Wild card who had a big hand in changing the face of poker
Amarillo Slim, who died aged 83, was the World Poker champion four times and arguably did more than any player to popularise the game.
One of a cabal of rough and ready gamblers, mostly Texans, living on their wits in the days when the game was largely confined to dimly-lit, smoke-filled back rooms, Slim sprang from a Wild West tradition dating from the days of Billy The Kid. Many Americans frowned on poker, some even considering it a sin.
But in 1970 Slim's best friend, the one-time Dallas bootlegger Benny Binion, invited him to take part in the first World Poker Championships.
The venue was the Horseshoe, Binion's casino in Las Vegas renowned for accepting any bet, no matter how big. Playing a variant of poker known as Texas Hold 'Em, Slim did not win that year, but he returned in 1971, and triumphed in 1972, walking off with the $60,000 pot.
His victory proved transformative for the game. Slim embarked on a publicity tour, and soon detoxified poker's image. Drawing on Western folklore and characterising the game with an aggressive lexicon of "showdowns" and "shoot-outs", he became poker's most powerful ambassador.
A tall, lean, plain-spoken figure, invariably crowned by a cowboy hat adorned with a genuine rattlesnake head, Slim relished his reputation as one of the first poker superstars and enjoyed bragging about his prowess at the business of bluffing, raising, seeing and folding.
He often regaled American television chat show audiences with homespun words of advice for would-be high rollers.
"Look around the table," he would say. "If you don't see a sucker, get up, because you're the sucker."
Nor, it became clear, were his talents confined to the card table. He once reputedly relieved a drug dealer of $50,000 in the jail cell they were sharing by betting on which of five lumps of sugar a fly would land.
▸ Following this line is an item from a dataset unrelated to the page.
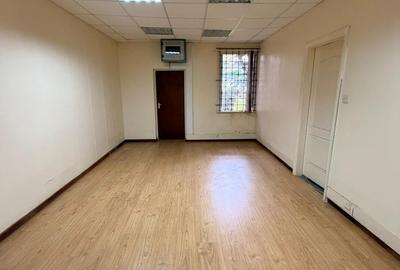 280 ft² Office in Muthaiga - 4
Thomas Austin Preston Jr was born on December 31, 1928, in Johnson, Arkansas. His parents divorced when he was 16 and he moved to Amarillo, Texas, to live with his father.
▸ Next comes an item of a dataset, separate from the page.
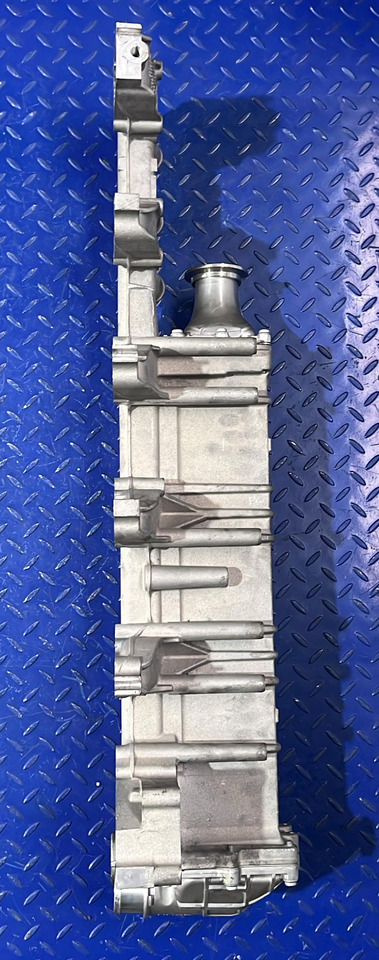 Mercedes Benz EGR ACTROS MP4 A4711406775 - Muffler/ Exhaust system for Truck: picture 3 Mercedes Benz EGR ACTROS MP4 A4711406775 - Muffler/ Exhaust system for Truck: picture 3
At 17 he joined the US army, served overseas and on his return met Doyle Brunson and Brian 'Sailor' Roberts, with whom he became fast friends.
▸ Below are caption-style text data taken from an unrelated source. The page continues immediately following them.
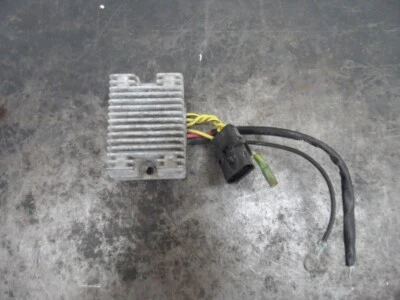 Rectificador regulador Polaris Hawkeye/Sportsman 300/400 2006-2010 4011182 usado A-3 Foto 1 de 4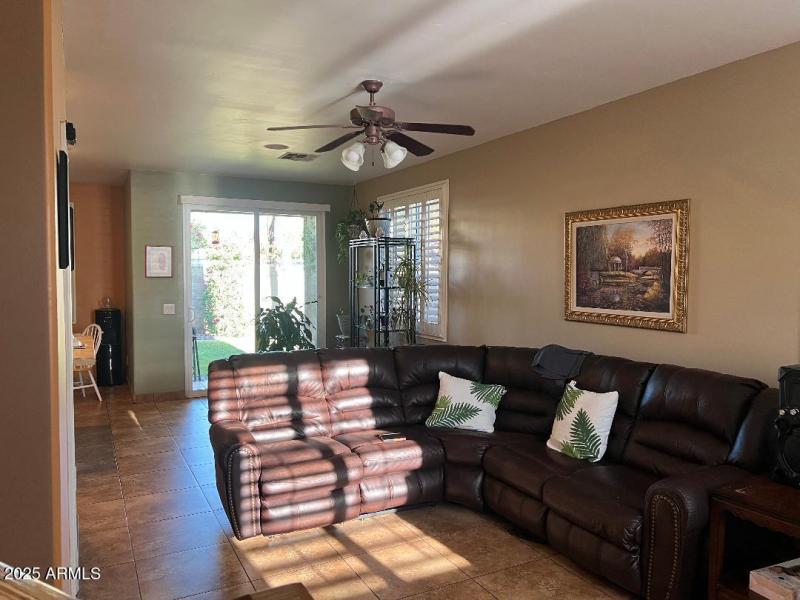 Living Room 5129 -2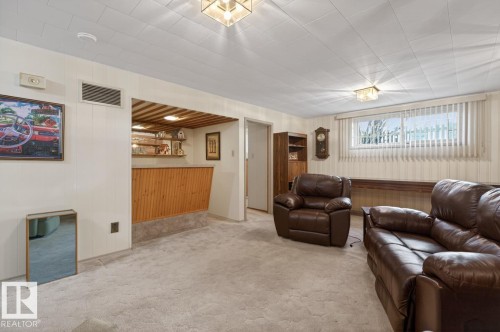 6036 105B Street, Edmonton, AB - Indoor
The three soon formed a partnership, travelling across the south-western United States as the original Texas "road gamblers", playing poker and seeking out other wagers.
"We got to the point where we were gambling on just about every game there was -- golf, tennis, basketball, pool, sports betting," Slim recalled. "As long as we thought we had some sort of edge, we'd bet. And we made money."
Although the trio eventually broke up, having been robbed of their winnings in Las Vegas, they remained friends.
After his victory in 1972, Slim went on to win three other events at the World Poker Championships, the last being in 1990. In 2000 he narrowly failed to lift his fifth world title.
Slim also hosted the Super Bowl of Poker, which became one of the biggest tournaments in the US until it was cancelled in 1991.
In the course of his tournament career, his earnings amounted to an unimpressive $587,568. These days, players at the World Series stand to win as much as $10m (€7.6m). Meanwhile, online poker has become a multi-billion dollar industry.
He produced several poker books, including Amarillo Slim's Play Poker to Win (2005). In his autobiography, Amarillo Slim in a World Full of Fat People (2003), he claimed to have played poker with two presidents, Johnson and Nixon, and catalogued many of his proposition (or "prop") bets.
These ranged from winning $300,000 at dominoes from the country singer Willie Nelson to beating Minnesota Fats at pool with a broom, hitting a golf ball a mile across a frozen lake, and beating a world champion table tennis player with a Coca-Cola bottle.
As well as his television appearances, Slim also played himself in Robert Altman's gambling film California Split (1974).
In 2003 Slim was indicted in Texas on charges of indecency with a child, his grand-daughter Hannah.
Although he always protested his innocence, he pleaded "no contest" to reduced charges in order, he said, to protect his family. He was fined $4,000 and given two years' probation with counselling.
His reputation never recovered. Slim was robbed at gunpoint twice, insulted with names like "Amarillo Slime", and was to all intents and purposes abandoned by the American poker business. Plans to film his life were reportedly dropped.
Amarillo Slim was divorced. His three children survive him.